Atualmente, o editor Mike Kennedy leu um trabalho autoral de Thiago em produção, chamado Super-Ego, e se agradou do produto. Pretende agenciar este projeto e vender para alguma editora norte-americana, como a Dark Rorse ou Image, editoras que estão entre as cinco maiores nos Estados Unidos. Agora estão trabalhando juntos e é a grande expectativa profissional de Thiago, que produz em casa visando o mercado externo pois não consegue enxergar espaço no raquítico cenário nacional.

Nesse período que passou em São Paulo, morou em um apartamento com dois estudantes da Academia Internacional de Cinema. Foi uma experiência interessante aonde chegou a produzir estudos de figurino para os curtas-metragens que os colegas de quarto produziam. Também realizou storyboards de algumas cenas. Segundo Thiago, “assim como Frank Miller (Sin City), também já ‘trampei’ com cinema”, onde, na verdade, os quadrinhos se encaixam muito bem, tanto que, Eduardo Sertório, um dos colegas, pediu autorização para adaptar uma história em quadrinhos do Thiago para cinema.
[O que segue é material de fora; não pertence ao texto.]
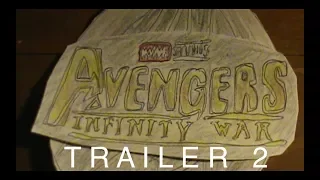 Avengers: Infinity War Trailer 2 Spoof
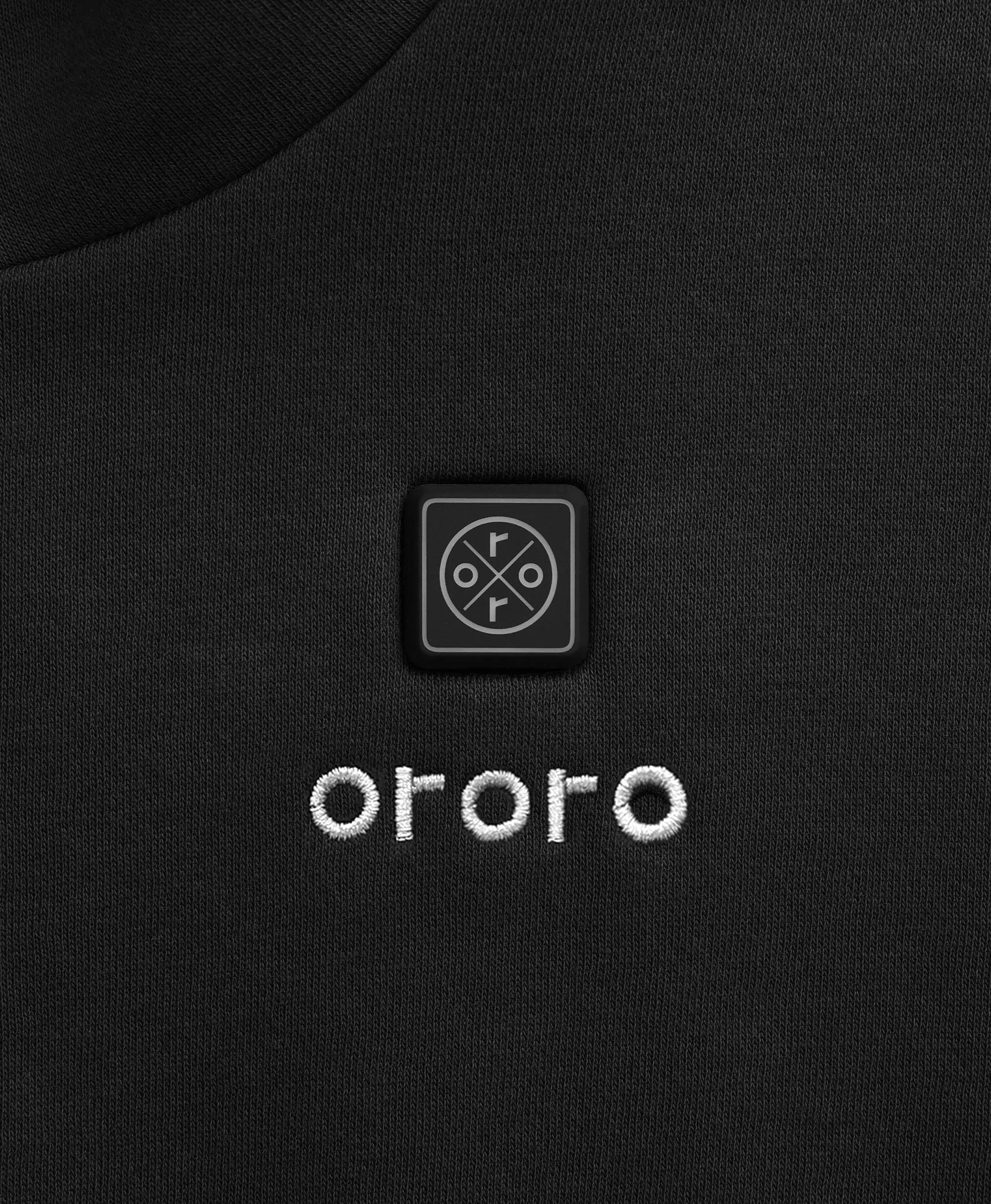 ORORO Heated Women's Heated Fleece Vest - Image 12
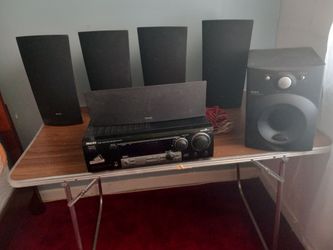 Philips Surround sound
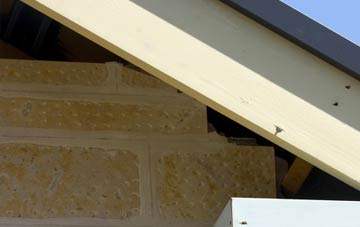 soffit repair Penhale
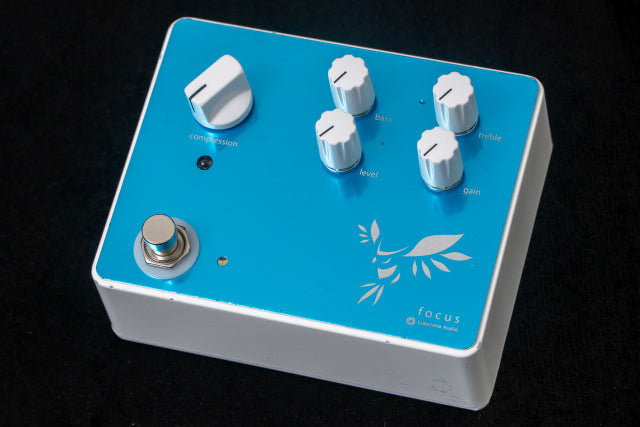 ベース Limetone Audio focus alumite color Limetone Audio Focus Alumite Color Effector | eBay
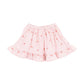SONGBIRD EMBROIDERED SKIRT WITH INBUILT SHORTS 3-7 YRS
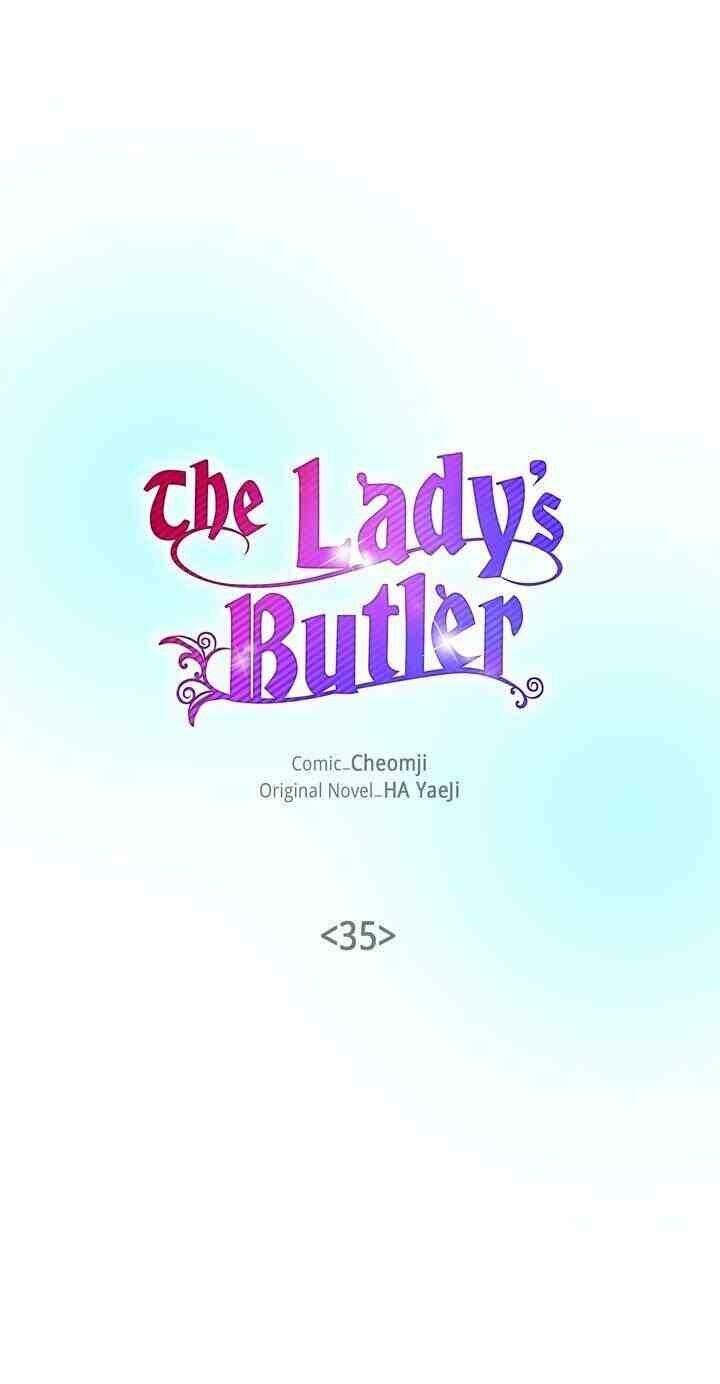 The Lady's Butler - chapter 35 - #1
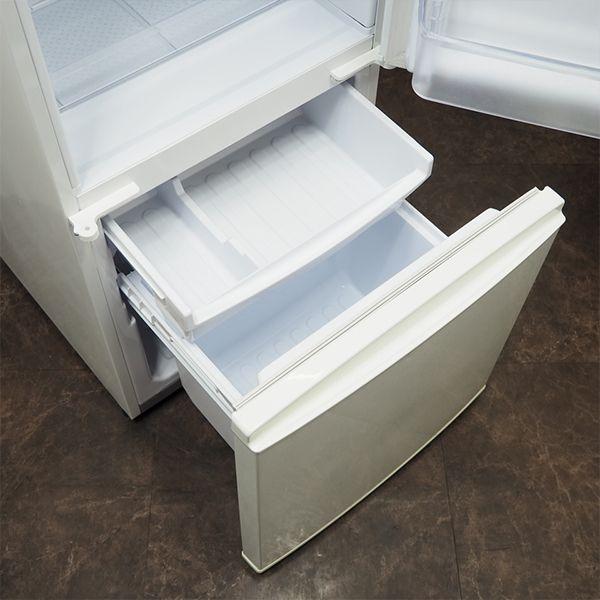 SHARP（シャープ） 中古/LA-SJC14XW/冷蔵庫/137L/SHARP/シャープ/SJ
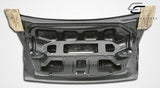 2008-2017 Mitsubishi Lancer / Lancer Evolution 10 Carbon Creations OEM Look Trunk - 1 Piece
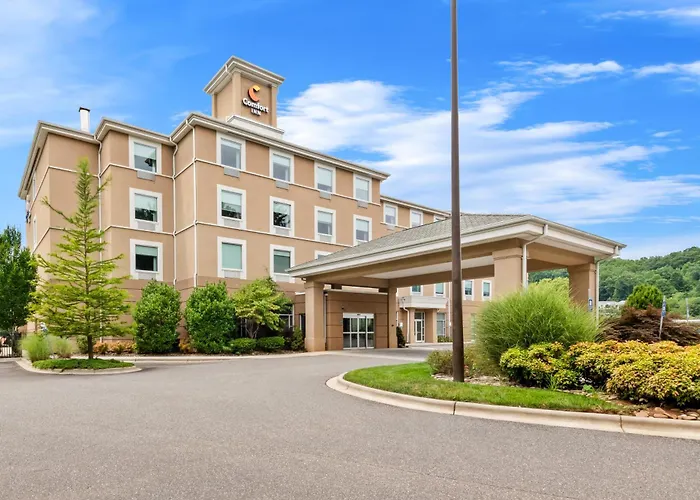 Comfort Inn Sylva - Cullowhee
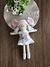 Boneca de Pano Elefantinho Colorido Yoyo 25118 - comprar online
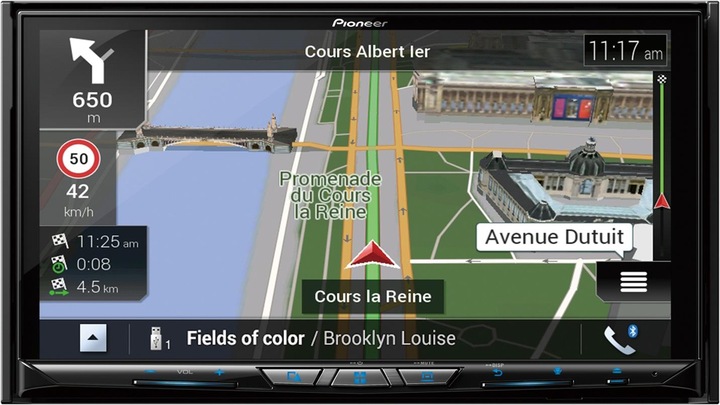 Produktbild Pioneer AVIC-Z910DAB (Android Auto, Apple Carplay)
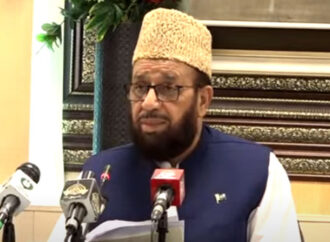 وفاقی وزیر مذہبی اُمور کا کل سے عشرہ رحمت اللعالمین ﷺ منانے کا اعلان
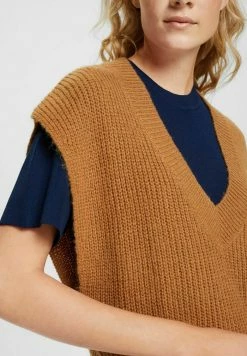 Edc By Esprit Jumper - Light Taupe -edc by Esprit Shop 65ce61fd2acf454995840e91806e9fa8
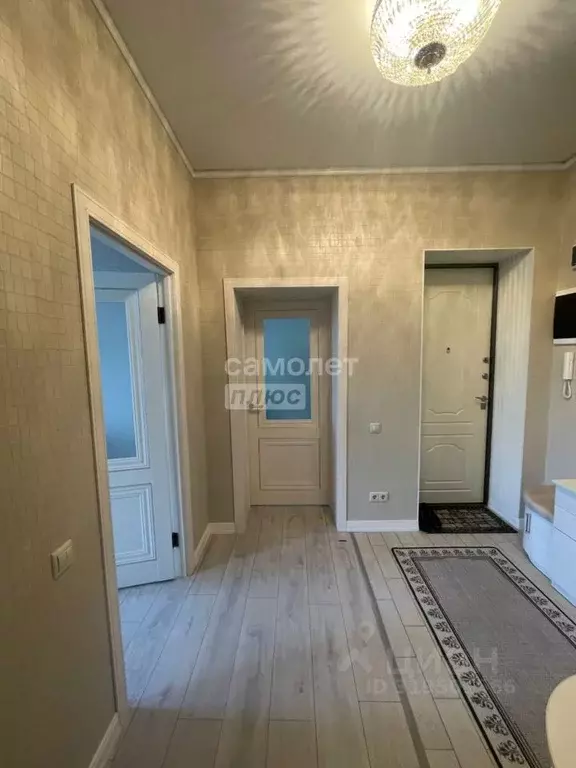 3-к кв. Омская область, Омск ул. Ивана Алексеева, 6 (65.0 м) - Фото 1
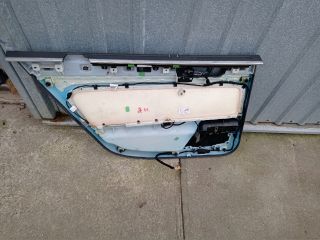 bontott VW PHAETON Jobb hátsó Ajtó Kárpit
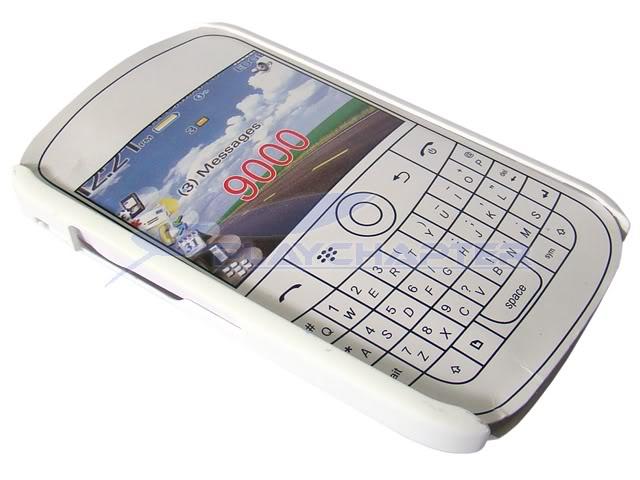 blackberry white 1 Blackberry Bold 9700 en vidéo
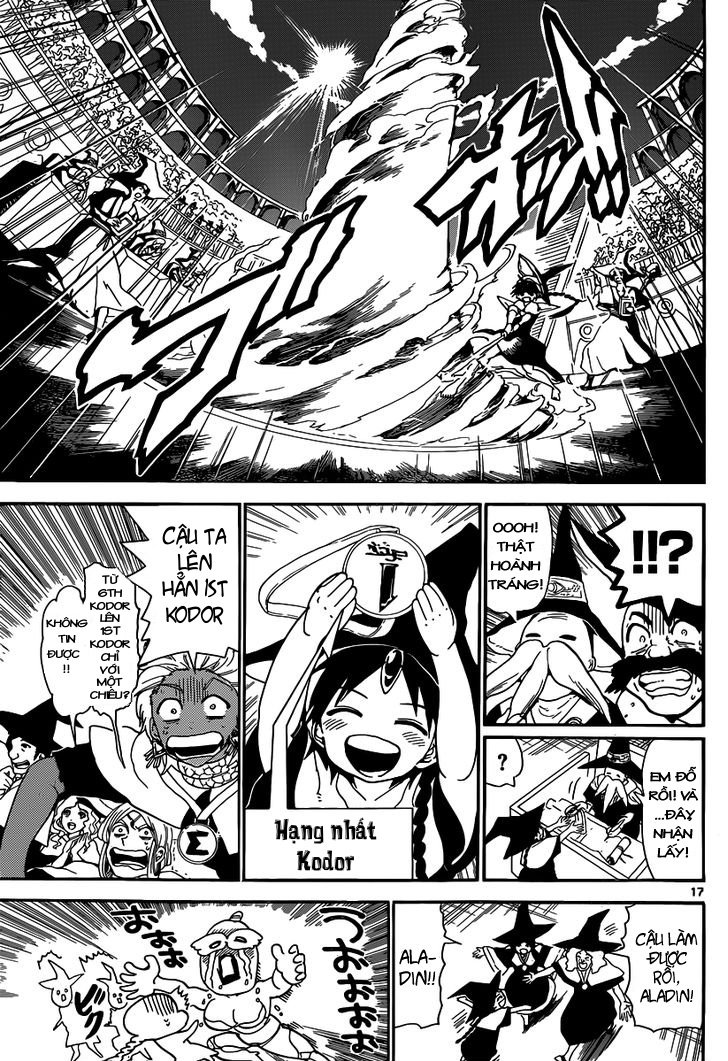 magi - the labyrinth of magic chapter 138 17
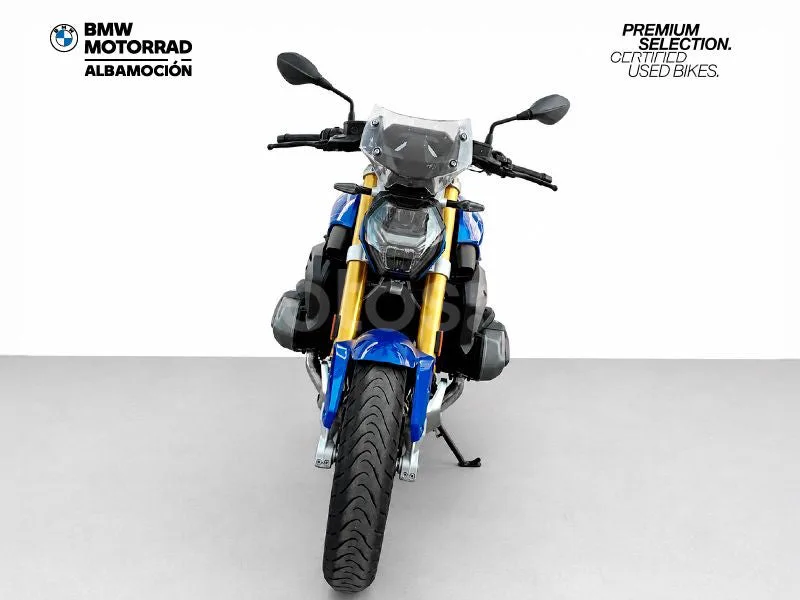 BMW R 1250 R - Vista 3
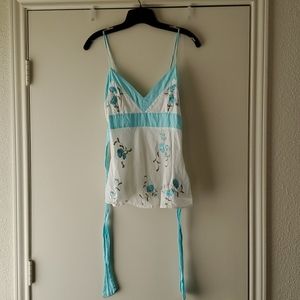 Spaghetti Strap Top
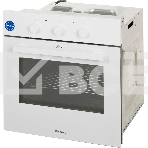 Встраиваемая электрическая духовка Hansa BOEW64111 белый, фото25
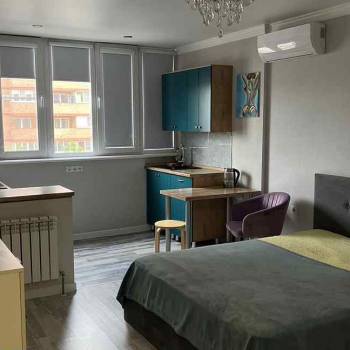 Сдается 1-комнатная квартира, 25 м²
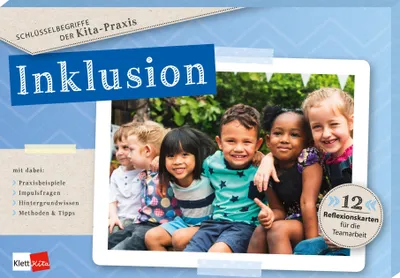 Produktbild von Schlüsselbegriffe der Kita-Praxis: Inklusion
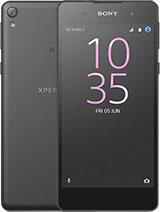 Best available price of Sony Xperia E5 in Latvia
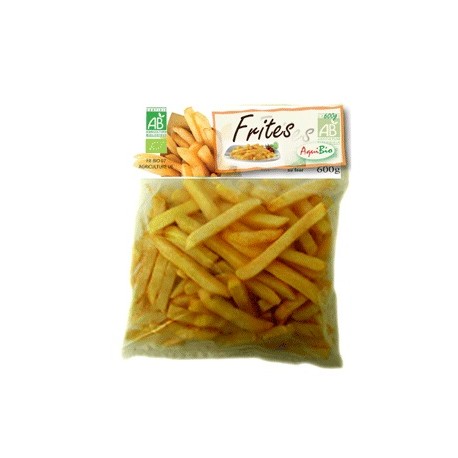 FRITES 600G AQUIBIO SURG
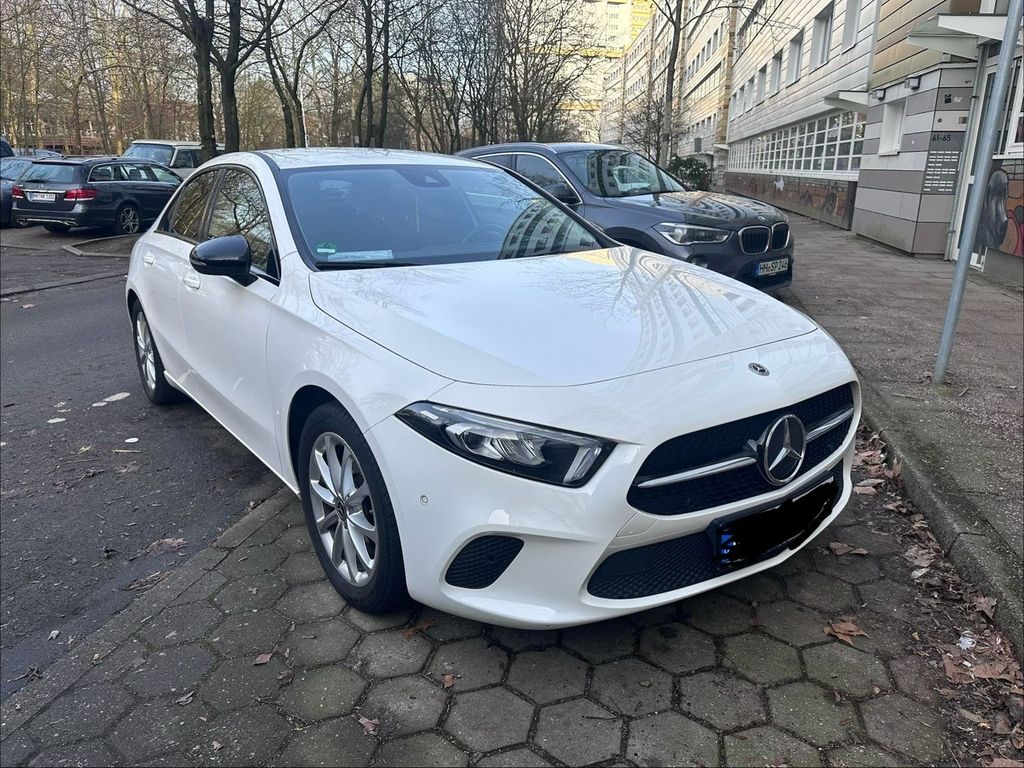 Image of Mercedes-Benz A 220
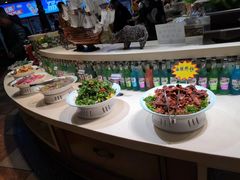 -比尔森韩式烤肉自助(绿园店)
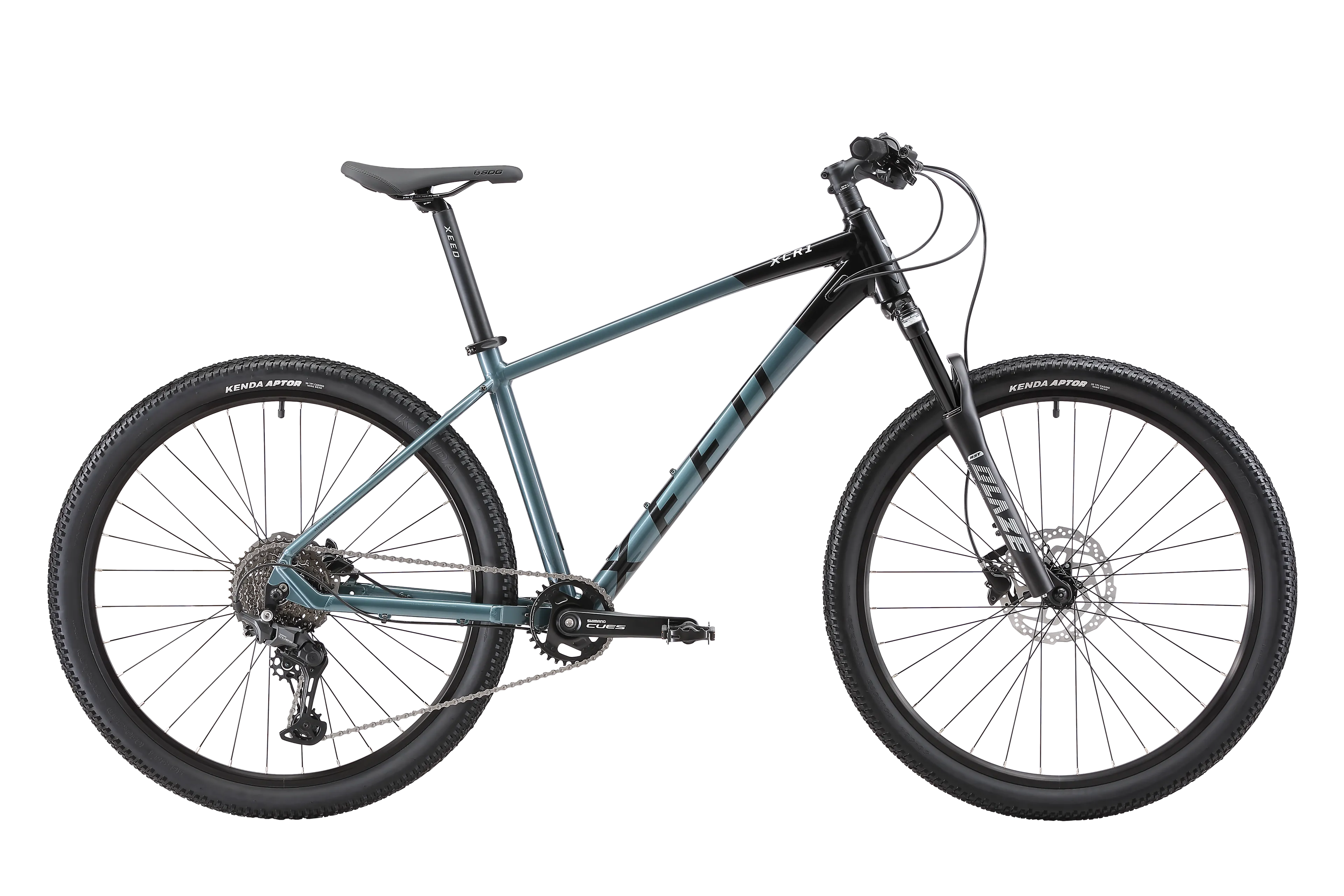 XCR 1 27
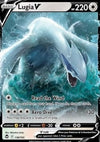 Lugia V  (SIT 138) Silver Tempest - Singles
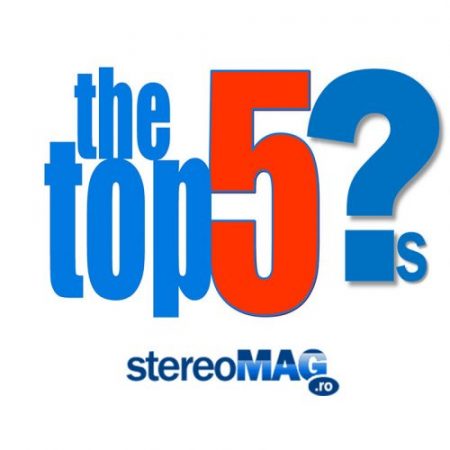 Top 5 cele mai vândute echipamente audio în luna iulie pe Stereomag.ro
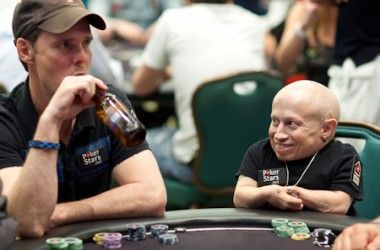 Charitativní turnaj na PCA, v němž skončil Martin Hrubý na 2. místě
A experiência levou Thiago inclusive ao set de filmagem, fazendo figuração e “morrendo” logo na primeira cena. A obra intitulada “Sobre a ponte” tornou-se “Hattari” e foi premiado como “o melhor filme universitário de São Paulo” em 2007.
Em 2008, através do fórum do site Multiverso Bate Boca (MBB), ficou sabendo e participou do concurso Comic Book Idol, uma espécie de programa “Ídolos” dos quadrinhos divulgado na Internet. Foram centenas de concorrentes de onde foram selecionados apenas um brasileiro, seis estadunidenses, dois ingleses e um canadense. Os concorrentes produziam, semanalmente, algumas páginas seguindo um roteiro comum a todos. Um por um os concorrentes foram eliminados através de votos dos internautas. Thiago chegou à semi-final. Infelizmente, ainda não foi daquela vez.
Entretanto, bem antes disto, quando ainda era criança, Thiago teve outras histórias curiosas de serem contadas, como o já citado envolvimento com o mundo dos Vídeo Games. A princípio, teve um Atari, que não o estimulou o suficiente, apenas anos depois, no início de 1990, quando os filhos foram presenteados pelos pais com um Mega Drive, que o mundo dos jogos começou realmente a fazer sua cabeça. A atenção voltada para o console plugado na TV era tanta que ele e os irmãos deixaram de colecionar gibis e toda a mesada era voltada para a compra de novos cartuchos, de novos jogos. Engana-se quem pensa que isso foi um fator negativo para a produção de Thiago. Naquela época, primeira metade da década de 90, praticamente não havia quadrinhos japoneses nas bancas de revistas. O mangá era algo muito exótico, entretanto, o traço dos desenhos japoneses era muito utilizado no caráter desing dos personagens dos jogos. Thiago pôde ser influenciado pelo mangá através do vídeo game antes mesmo das revistas impressas, que só vieram se popularizar em 1994 com a exibição de Cavaleiros do Zodíaco na TV e depois do ano 2000, com o título Dragon Ball nas bancas.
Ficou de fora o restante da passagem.